Making climate change funny is an incredibly tough task. Audiences often come to comedy shows for a break from the world, even if they're open to more political or thought-provoking content. Saying that, I believe there's a growing space for this kind of material, especially in formats like Carbon Lifeforms on Radio 4, which tend to blend humour with more serious discussions. While these shows offer a platform for comedy that's "comedy-ish," tackling climate change in stand-up or high-paced panel shows, where the demand for quickfire jokes is relentless, remains a challenge.

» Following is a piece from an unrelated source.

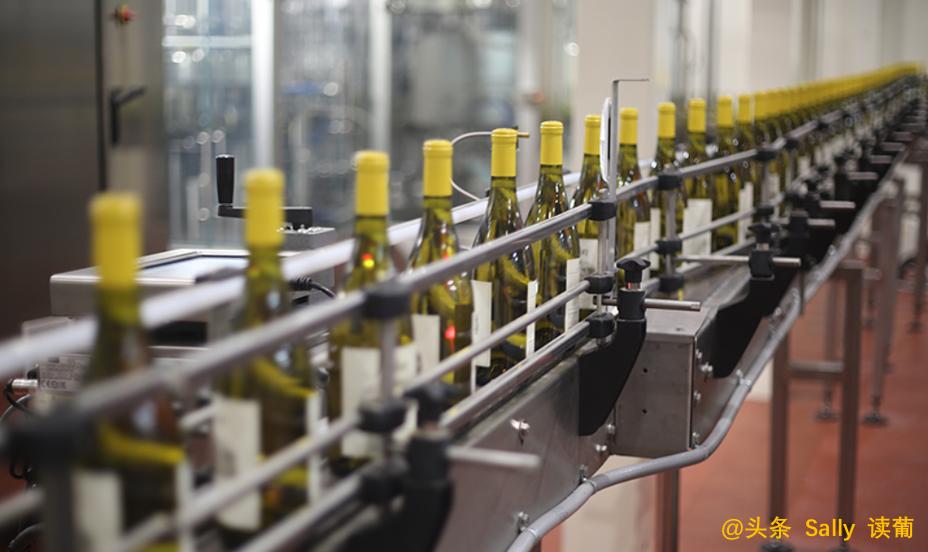 红酒在酒庄经历了什么?争议如此大?朱广权式幽默告诉你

It is mad that in my 16-year career, that is the most "controversial" opinion I've ever had. 

I'm hopeful, though, because the urgency and relevance of climate change are more on people's minds than ever before. Sara Pascoe told me she can't stop thinking about it either. But whether this topic will break into the mainstream comedy scene, appearing in the sets of arena-filling comedians like Michael McIntyre or Rob Beckett, remains to be seen. The comedy landscape is evolving, and as it does, perhaps we'll see more comedians finding ways to weave these conversations into their acts.

The good thing is, I'm no longer just preaching to the converted. Before the tour kicked off, I did a 40-minute preview in Surbtion, where ULEZ had only just arrived – where people had been smashing down the cameras. It was a Friday night and the audience was male-heavy and pretty hammered. And even then, no one walked out; it went down well. 

It's going to be the hardest show I've done so far in terms of computing what success means. And, no offence to journalists, but in terms of comedy criticism, I couldn't give a fuck if I impress them. That's not who I'm writing for. I'm writing for the people in the room or those who will hopefully stream it later.

When you come to see stand-up these days, you're generally going to hear one person's thoughts and feelings and opinions for an hour. Who knows what people are taking away from that. I can just hope that it's the first time they've ever heard someone make an argument for ULEZ. I don't think that was ever done to me. I live in Lewisham, where a nine-year-old girl died from air pollution. She went to the school that my son's at now. So that was a pretty strong argument in favour of ULEZ for me. But I had to go looking for the reasons why ULEZ was important, I had to search out the statistics.

Before my tour a friend asked, "Why are you nervous?" And I said, "I'm talking about something I think is gonna piss some people off," and it made me realise how much research I've done. ULEZ is shit in many ways. But we need it. I wish they'd given exemptions, or way better financial support, to people who needed it like carers. Not to fucking classic car owners just to keep Tory votes. 

The fact is, ever since ULEZ has come in, we've gone from 37% to 95% clean vehicles in the Greater London area. Just in Lewisham alone, in the last five years, we’ve reduced air pollution by 40%. We’ve gone from having children dying…to this. And that’s amazing, isn’t it.

As told to Charlotte Owen-Burge on 26 February 2024. This conversation was edited & condensed for clarity.